Combine that wood battery with a 2X more efficient light, and it could be a 14X increase. That would mean a tiny 16340 or 14500 light in the future could compete with today’s 3x18650 lights. A little S-Mini or AA-sized light could make as many lumen-hours as a SP36, D18, or ROT66. Basically, look at the runtime of any current light, and add a digit… and that’s what we might be carrying around someday.

So… even though the LEDs themselves are running out of room to improve, the future of torches still looks pretty bright for another decade or two.

UVC LEDs have recently progressed quite a lot, moving from fancy pricey curiosities to possibility of practical (but still quite pricey) applications. They made major strides in both mW/W efficiency and total mW per LED that will sooner or later allow them to displace existing UV lamps.

I think that slow progress in Led industry is good for flashlights. Without new led and
without the ability to write larger numbers on boxes flashlight manufacturers would have to think about convenient UI, quality of spot, quality of light and so on.

I’m not following the latest developement but last time I checked, searching info about Soraa Vivid technology, it seems to me that the researches were gradually switching to laser based lighting for better efficiency that is more free of current droop. OLED panel might improve for diffuse lighting sources and laser for concentrate lighting sources.

In the future, your flashlight will be linked to eye-tracking. So you can light up a huge space with a narrow beam that rapidly scans across the scene to match where your eyes point. To the operator it will seem as though he has an infinitely powerful flooder.

May be you not know about this Field of view - Wikipedia

You only see sharply in a small area of your eye called the fovea centralis. To take in a scene you scan your eyes around rapidly, 3-5 times a second.

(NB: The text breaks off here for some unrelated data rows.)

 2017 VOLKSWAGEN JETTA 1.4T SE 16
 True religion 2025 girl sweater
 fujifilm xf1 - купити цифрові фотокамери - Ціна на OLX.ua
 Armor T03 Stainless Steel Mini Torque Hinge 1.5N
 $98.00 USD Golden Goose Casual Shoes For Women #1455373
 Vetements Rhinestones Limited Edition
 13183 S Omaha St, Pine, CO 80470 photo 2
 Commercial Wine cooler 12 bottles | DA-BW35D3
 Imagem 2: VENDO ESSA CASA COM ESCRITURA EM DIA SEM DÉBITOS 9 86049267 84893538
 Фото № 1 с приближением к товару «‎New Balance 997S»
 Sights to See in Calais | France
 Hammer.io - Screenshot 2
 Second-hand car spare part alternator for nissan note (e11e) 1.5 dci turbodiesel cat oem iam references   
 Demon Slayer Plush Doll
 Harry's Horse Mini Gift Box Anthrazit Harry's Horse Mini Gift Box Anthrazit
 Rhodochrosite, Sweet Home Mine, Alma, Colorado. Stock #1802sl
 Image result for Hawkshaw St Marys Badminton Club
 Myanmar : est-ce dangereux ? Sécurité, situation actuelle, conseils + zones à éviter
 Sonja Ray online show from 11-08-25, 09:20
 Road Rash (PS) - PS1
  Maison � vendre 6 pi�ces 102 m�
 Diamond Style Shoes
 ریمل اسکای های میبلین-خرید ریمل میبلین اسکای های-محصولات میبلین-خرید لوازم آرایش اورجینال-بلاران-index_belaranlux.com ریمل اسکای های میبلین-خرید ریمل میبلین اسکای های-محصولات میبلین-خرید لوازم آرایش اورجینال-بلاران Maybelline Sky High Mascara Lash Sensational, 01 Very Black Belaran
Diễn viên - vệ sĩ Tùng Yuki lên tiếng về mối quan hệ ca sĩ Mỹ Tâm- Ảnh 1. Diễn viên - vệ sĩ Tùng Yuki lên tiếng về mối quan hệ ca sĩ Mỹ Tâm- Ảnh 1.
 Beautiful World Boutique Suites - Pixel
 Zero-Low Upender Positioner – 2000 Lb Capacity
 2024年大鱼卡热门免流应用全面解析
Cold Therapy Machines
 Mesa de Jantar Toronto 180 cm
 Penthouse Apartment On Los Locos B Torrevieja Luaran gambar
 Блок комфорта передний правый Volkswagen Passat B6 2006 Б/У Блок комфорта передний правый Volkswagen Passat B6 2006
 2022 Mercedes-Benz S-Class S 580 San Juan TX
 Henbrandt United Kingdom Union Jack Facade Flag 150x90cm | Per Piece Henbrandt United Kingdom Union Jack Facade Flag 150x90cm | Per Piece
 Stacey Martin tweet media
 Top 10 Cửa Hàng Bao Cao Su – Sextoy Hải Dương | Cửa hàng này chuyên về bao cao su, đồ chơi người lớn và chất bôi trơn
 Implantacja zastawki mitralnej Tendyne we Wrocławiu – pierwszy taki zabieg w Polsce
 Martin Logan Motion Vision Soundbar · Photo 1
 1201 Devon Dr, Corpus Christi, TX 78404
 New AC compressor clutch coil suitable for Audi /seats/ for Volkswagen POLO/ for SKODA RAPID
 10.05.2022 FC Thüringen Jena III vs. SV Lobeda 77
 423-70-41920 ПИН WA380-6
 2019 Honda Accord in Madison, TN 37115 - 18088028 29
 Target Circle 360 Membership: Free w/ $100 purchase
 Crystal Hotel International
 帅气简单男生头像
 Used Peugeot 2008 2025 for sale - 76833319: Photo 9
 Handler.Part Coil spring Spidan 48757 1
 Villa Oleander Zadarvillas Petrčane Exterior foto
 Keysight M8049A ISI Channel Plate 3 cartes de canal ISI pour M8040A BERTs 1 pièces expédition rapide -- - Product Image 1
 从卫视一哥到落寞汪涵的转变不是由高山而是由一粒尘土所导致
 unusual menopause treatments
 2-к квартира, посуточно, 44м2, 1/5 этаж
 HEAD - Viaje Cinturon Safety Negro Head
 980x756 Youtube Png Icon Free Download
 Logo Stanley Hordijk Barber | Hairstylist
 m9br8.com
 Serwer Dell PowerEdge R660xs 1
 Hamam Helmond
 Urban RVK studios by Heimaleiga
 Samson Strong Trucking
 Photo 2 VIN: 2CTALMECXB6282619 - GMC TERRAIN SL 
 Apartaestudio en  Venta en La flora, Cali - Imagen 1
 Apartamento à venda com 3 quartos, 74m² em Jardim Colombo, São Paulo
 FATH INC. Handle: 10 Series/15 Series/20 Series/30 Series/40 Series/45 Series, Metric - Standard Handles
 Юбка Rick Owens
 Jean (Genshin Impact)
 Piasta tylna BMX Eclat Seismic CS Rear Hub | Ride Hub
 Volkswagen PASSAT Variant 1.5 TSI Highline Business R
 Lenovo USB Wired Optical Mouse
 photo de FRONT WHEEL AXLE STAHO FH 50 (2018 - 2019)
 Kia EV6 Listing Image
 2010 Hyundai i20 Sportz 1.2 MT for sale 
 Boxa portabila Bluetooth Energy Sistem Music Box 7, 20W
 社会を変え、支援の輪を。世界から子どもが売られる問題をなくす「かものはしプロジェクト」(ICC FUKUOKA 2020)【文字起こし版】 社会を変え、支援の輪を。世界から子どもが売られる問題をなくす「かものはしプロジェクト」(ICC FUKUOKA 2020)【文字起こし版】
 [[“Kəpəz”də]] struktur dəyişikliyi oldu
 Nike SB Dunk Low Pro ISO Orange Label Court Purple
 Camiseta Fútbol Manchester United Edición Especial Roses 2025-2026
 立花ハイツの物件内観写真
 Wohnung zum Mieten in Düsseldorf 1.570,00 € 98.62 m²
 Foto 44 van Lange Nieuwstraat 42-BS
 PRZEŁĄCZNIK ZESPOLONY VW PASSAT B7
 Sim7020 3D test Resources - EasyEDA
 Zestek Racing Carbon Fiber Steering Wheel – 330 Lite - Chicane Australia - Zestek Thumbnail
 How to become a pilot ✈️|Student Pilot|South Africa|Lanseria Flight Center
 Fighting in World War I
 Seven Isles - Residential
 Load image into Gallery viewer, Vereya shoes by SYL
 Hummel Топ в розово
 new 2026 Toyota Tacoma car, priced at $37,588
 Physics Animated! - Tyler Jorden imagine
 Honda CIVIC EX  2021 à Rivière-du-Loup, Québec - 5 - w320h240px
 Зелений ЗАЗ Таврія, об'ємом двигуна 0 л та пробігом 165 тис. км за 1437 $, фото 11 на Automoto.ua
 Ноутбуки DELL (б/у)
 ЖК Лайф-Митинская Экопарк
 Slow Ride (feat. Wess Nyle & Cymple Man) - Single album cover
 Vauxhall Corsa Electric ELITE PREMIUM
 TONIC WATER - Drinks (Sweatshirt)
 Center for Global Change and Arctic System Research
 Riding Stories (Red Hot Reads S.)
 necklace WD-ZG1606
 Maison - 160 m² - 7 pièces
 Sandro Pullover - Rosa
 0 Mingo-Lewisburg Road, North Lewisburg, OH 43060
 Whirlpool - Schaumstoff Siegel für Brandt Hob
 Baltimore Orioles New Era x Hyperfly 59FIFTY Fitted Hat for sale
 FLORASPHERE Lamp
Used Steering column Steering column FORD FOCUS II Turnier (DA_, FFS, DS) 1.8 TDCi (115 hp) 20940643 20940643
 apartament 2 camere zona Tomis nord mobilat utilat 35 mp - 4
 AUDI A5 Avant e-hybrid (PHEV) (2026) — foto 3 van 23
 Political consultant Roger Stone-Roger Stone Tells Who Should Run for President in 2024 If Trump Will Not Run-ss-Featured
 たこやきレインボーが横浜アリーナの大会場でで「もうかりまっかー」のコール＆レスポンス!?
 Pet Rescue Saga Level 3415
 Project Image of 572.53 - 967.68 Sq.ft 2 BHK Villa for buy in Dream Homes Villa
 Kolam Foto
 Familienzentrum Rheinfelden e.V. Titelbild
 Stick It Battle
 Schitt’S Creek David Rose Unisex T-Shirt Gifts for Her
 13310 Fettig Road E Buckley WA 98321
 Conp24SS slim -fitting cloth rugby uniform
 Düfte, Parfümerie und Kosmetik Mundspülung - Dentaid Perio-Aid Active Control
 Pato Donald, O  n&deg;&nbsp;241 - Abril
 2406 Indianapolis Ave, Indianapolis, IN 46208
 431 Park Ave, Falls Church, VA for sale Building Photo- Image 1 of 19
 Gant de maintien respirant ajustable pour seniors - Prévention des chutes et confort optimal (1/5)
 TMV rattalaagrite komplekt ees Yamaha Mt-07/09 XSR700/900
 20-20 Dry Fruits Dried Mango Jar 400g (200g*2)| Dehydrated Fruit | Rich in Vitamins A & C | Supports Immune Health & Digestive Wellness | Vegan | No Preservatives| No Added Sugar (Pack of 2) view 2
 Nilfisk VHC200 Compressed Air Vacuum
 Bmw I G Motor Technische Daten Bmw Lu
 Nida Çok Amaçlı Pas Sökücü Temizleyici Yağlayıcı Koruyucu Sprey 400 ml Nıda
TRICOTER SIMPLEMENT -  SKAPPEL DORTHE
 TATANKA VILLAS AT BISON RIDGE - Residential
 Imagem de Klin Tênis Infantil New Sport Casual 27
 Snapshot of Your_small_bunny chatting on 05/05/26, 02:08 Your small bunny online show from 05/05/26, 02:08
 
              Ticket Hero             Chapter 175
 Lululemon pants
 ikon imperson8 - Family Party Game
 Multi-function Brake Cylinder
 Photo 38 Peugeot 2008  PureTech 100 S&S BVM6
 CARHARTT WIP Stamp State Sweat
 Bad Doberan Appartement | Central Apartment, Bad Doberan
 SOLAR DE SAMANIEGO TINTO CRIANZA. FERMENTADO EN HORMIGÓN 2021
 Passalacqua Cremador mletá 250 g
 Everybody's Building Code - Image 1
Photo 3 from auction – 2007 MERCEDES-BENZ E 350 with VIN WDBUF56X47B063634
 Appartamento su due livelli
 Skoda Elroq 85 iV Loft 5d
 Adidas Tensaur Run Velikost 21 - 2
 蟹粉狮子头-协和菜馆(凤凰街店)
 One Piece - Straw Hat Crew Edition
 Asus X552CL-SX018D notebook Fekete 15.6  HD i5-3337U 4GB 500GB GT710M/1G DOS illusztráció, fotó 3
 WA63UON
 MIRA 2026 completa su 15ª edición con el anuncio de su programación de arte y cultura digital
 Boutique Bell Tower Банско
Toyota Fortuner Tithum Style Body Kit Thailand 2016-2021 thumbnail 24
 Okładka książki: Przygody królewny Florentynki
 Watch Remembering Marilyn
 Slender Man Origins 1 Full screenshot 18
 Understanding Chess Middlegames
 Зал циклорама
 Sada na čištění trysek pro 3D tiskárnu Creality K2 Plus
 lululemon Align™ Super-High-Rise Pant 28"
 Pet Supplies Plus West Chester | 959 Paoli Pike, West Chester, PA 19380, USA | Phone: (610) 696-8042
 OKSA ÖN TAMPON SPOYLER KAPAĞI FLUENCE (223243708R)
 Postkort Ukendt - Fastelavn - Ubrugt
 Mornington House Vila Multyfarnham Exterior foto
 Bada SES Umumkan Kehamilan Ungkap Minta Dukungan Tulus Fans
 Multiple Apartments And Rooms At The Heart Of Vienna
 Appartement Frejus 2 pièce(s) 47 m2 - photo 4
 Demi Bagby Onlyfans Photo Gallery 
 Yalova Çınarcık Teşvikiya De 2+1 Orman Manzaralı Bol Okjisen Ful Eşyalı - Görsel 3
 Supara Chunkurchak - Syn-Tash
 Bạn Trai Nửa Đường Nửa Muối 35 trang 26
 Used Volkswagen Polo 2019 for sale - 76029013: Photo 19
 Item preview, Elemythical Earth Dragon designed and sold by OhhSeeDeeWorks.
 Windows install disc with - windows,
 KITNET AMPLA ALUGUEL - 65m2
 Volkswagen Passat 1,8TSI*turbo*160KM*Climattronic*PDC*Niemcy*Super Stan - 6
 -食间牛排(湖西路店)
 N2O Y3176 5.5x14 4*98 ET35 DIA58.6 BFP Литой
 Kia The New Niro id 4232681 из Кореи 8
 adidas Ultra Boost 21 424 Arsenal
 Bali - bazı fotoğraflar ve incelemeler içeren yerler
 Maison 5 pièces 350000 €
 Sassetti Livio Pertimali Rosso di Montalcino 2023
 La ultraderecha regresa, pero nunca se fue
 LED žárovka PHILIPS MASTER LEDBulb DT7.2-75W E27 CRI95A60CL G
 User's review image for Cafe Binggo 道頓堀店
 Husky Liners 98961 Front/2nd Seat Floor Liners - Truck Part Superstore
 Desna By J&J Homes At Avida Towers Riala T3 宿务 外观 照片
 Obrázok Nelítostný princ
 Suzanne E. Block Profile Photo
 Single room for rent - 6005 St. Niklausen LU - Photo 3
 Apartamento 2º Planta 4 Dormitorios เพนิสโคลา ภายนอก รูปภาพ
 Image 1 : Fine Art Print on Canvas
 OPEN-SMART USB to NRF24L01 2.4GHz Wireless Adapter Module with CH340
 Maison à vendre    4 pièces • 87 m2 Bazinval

In VR there is the concept of foveated rendering. The eyes are tracked and only a small portion of the scene - central in your gaze - is rendered sharply. Everything else is rendered at low-quality.

It can work with a flashlight also.

It is intended merely as an example of how there are many inefficiencies in the field of flashlights. So even when we hit the limit of LED efficiency, there will be other things to work on, such as how efficiently we direct photons towards what we are looking at.

In automotive there’s scene detection already.

ToyKeeper

On the throw side of the equation, do you think we can get much past the mile mark?

Yes, but low quality do not mean useless. Absence of peripheral vision called tunnel vision it is disease.

I hope you are not writing this as if tunnel vision is a negative property?
In some governmental professions this property is mandatory :wink:

Eye-tracking flashlight would be great for someone with tunnel vision

Yes it is negative property. You can ask some one with this disease.)

Great topic. All technological developments reach plateaus. There are limits in physics where LED’s are concerned, somewhat analogous to the sorts of limits that CPU efficiency & performance has faced—heat. And while you can have active heat reduction systems, they cause notable battery drain. Heat build-up is what keeps an LED from being able to throw for long periods. Take for instance the FW21. 10,000 lumens! But, it lasts mere seconds.

Now there’s LEP… which produces less heat. It’s of course a very focused beam, but aside from producing a hybrid flashlight (adds LED’s for spill), maybe there’s some innovation with optics to be had. Something better than your typical “zoomie” approach.